What the task requires: Copy exactly the lines of the records below, starting at the line that contains "Vector of colorful" and continuing through the last line, both included; omit any pictures.

Given data:
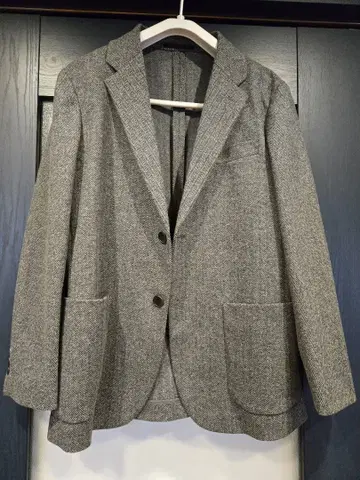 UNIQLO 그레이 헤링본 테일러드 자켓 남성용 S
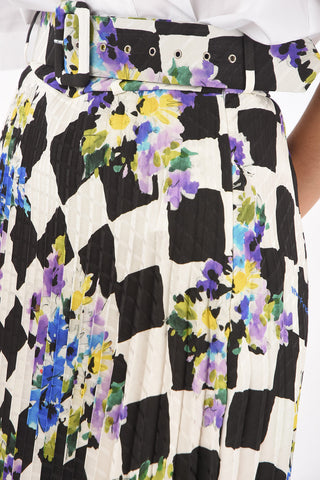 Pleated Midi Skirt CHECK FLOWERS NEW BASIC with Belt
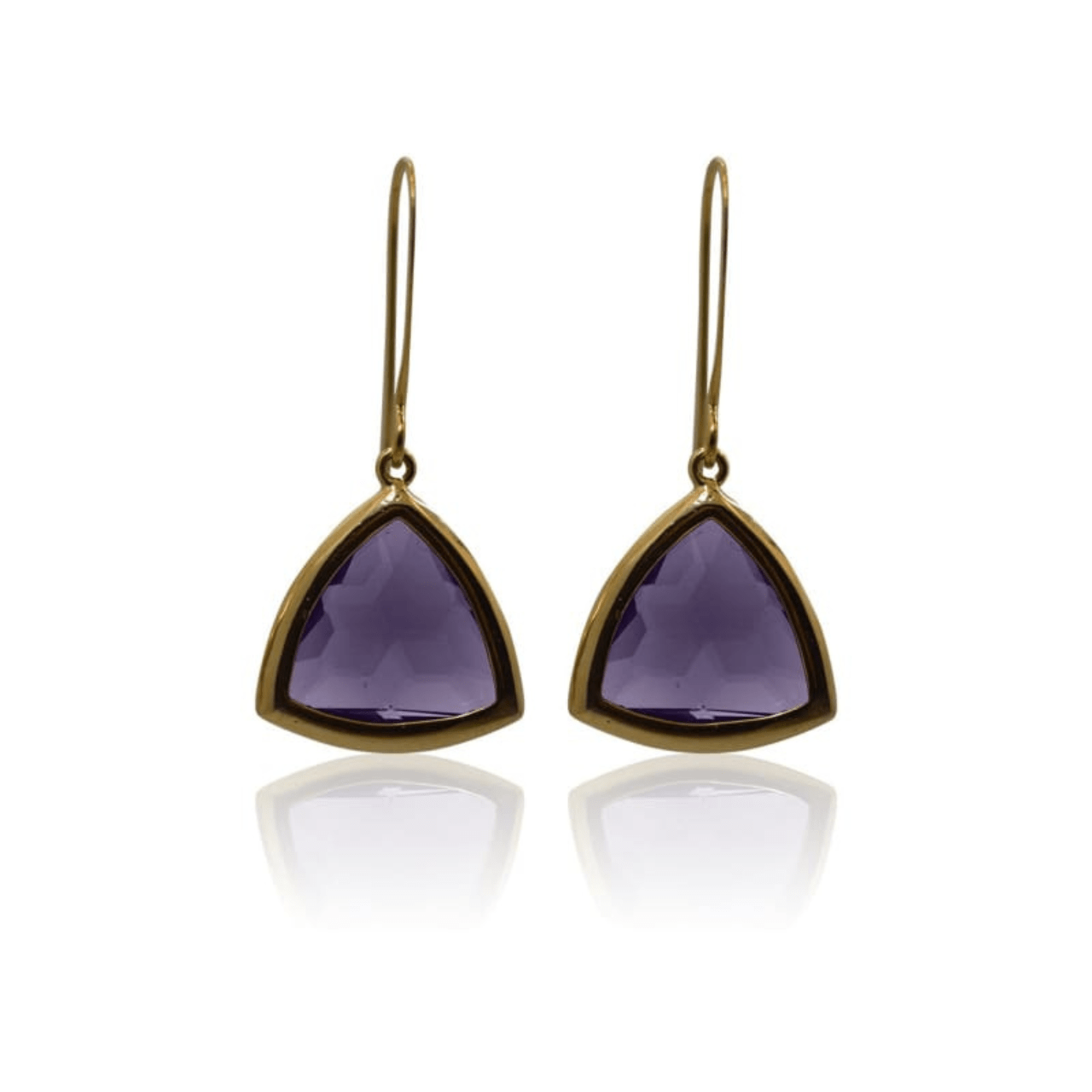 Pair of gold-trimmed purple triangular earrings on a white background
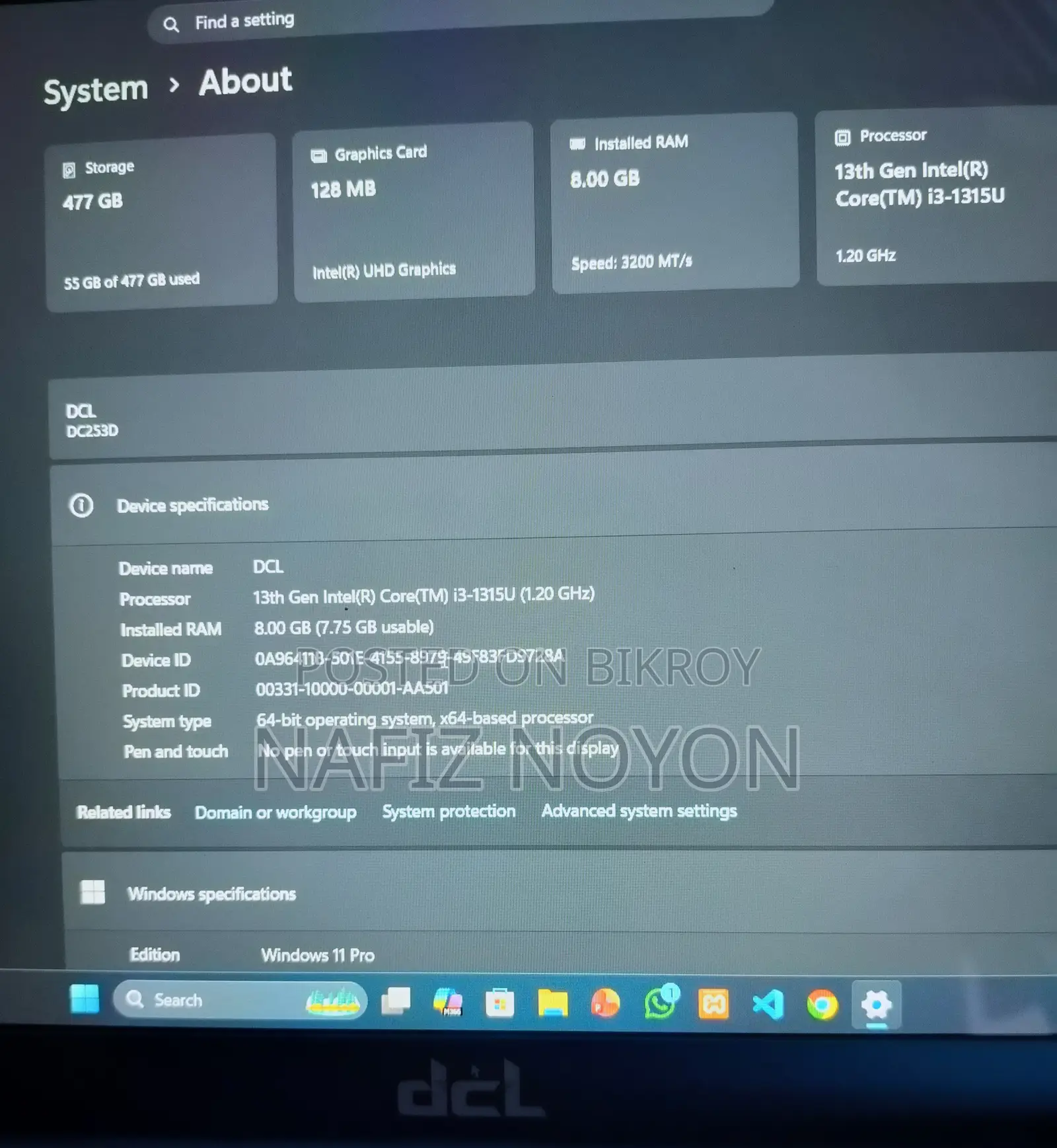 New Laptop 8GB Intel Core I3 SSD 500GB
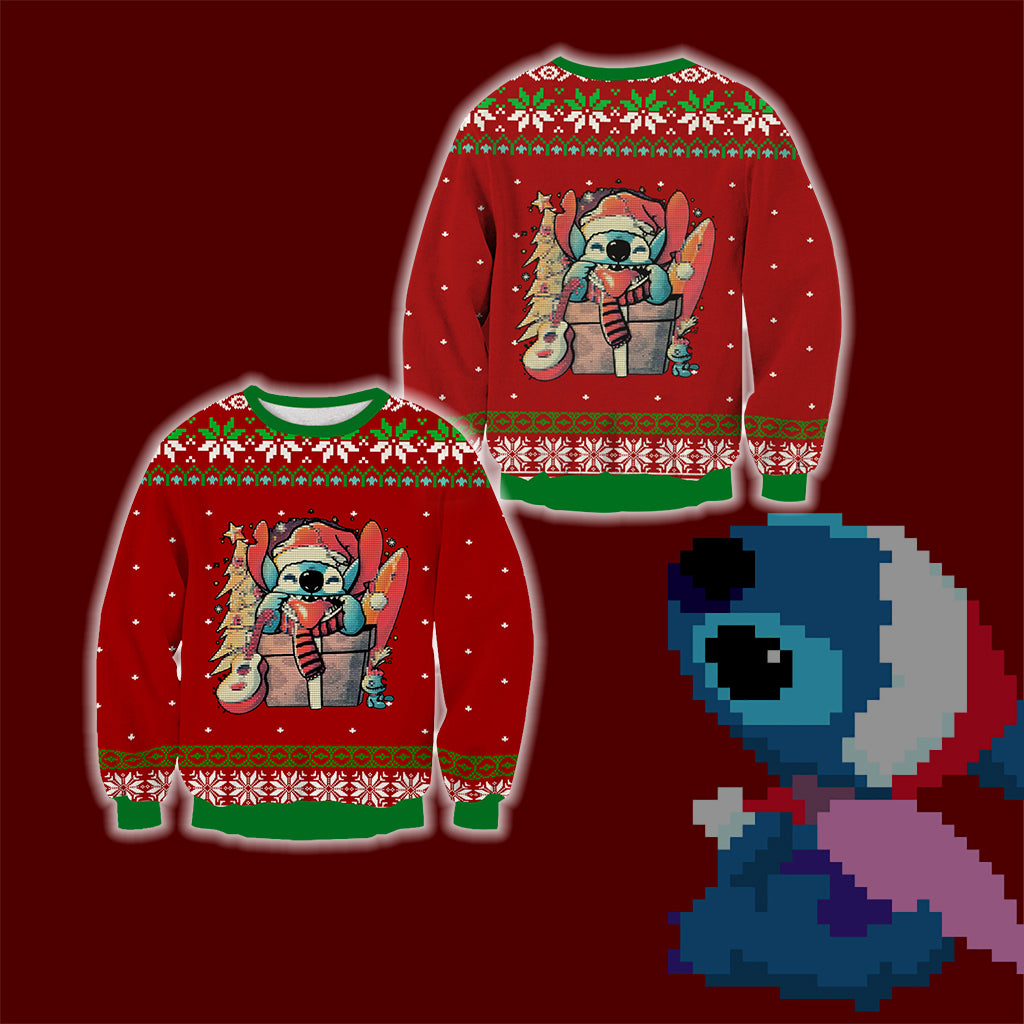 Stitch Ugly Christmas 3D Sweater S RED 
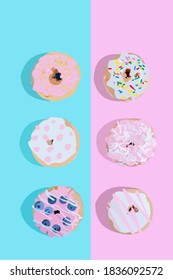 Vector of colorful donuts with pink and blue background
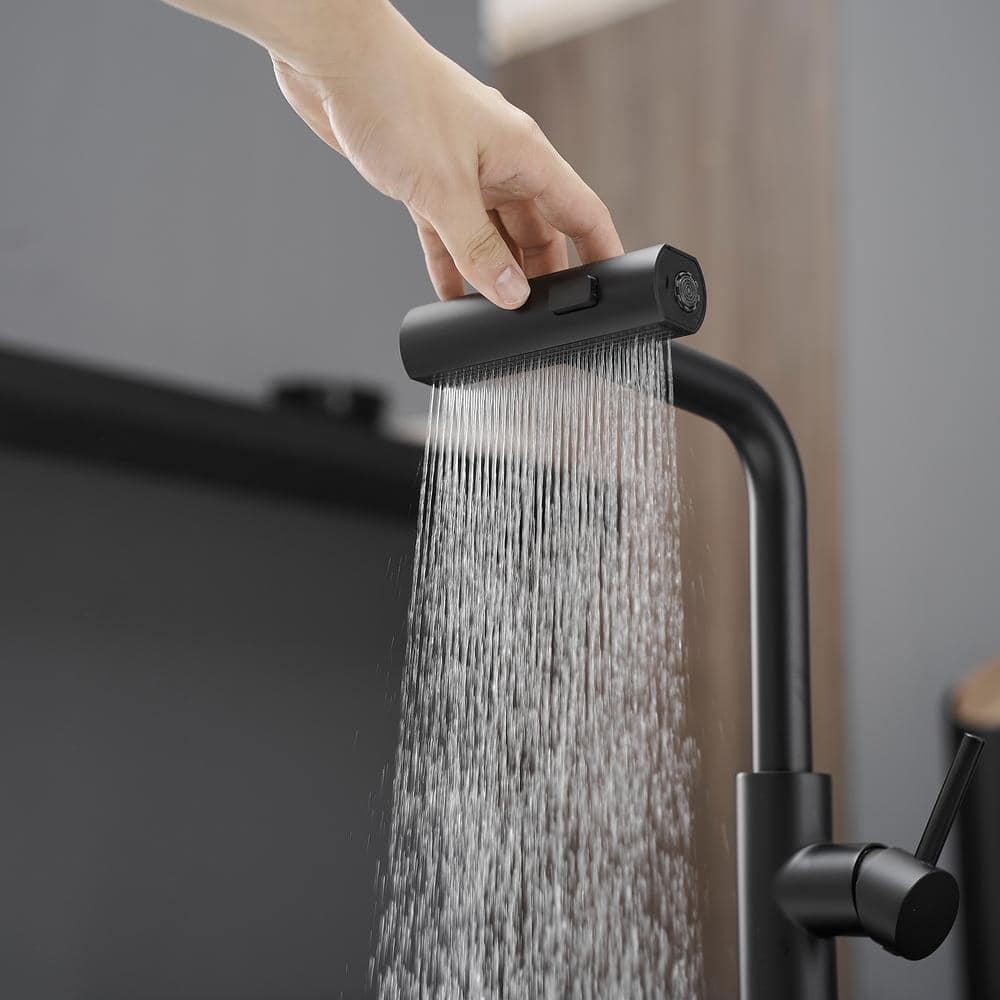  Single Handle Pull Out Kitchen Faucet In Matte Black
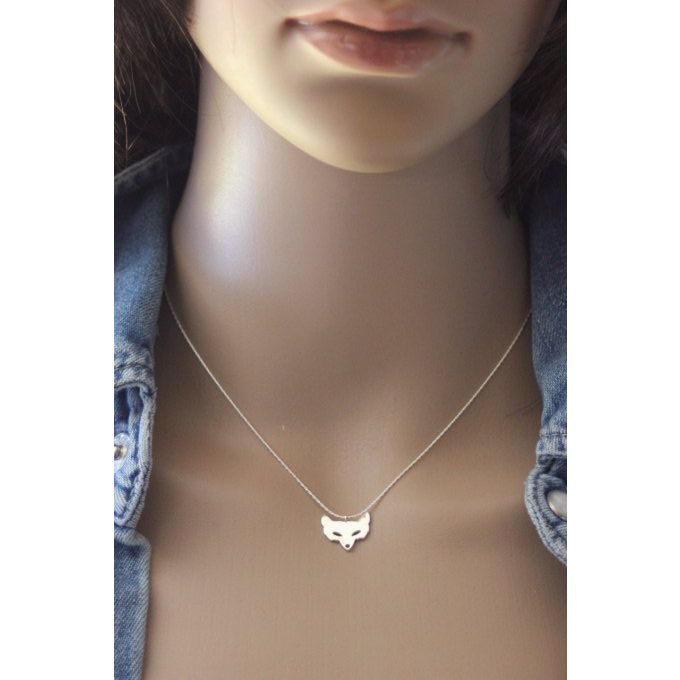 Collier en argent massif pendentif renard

Answer to this problem:
 Vector of colorful donuts with pink and blue background
  Single Handle Pull Out Kitchen Faucet In Matte Black
 Collier en argent massif pendentif renard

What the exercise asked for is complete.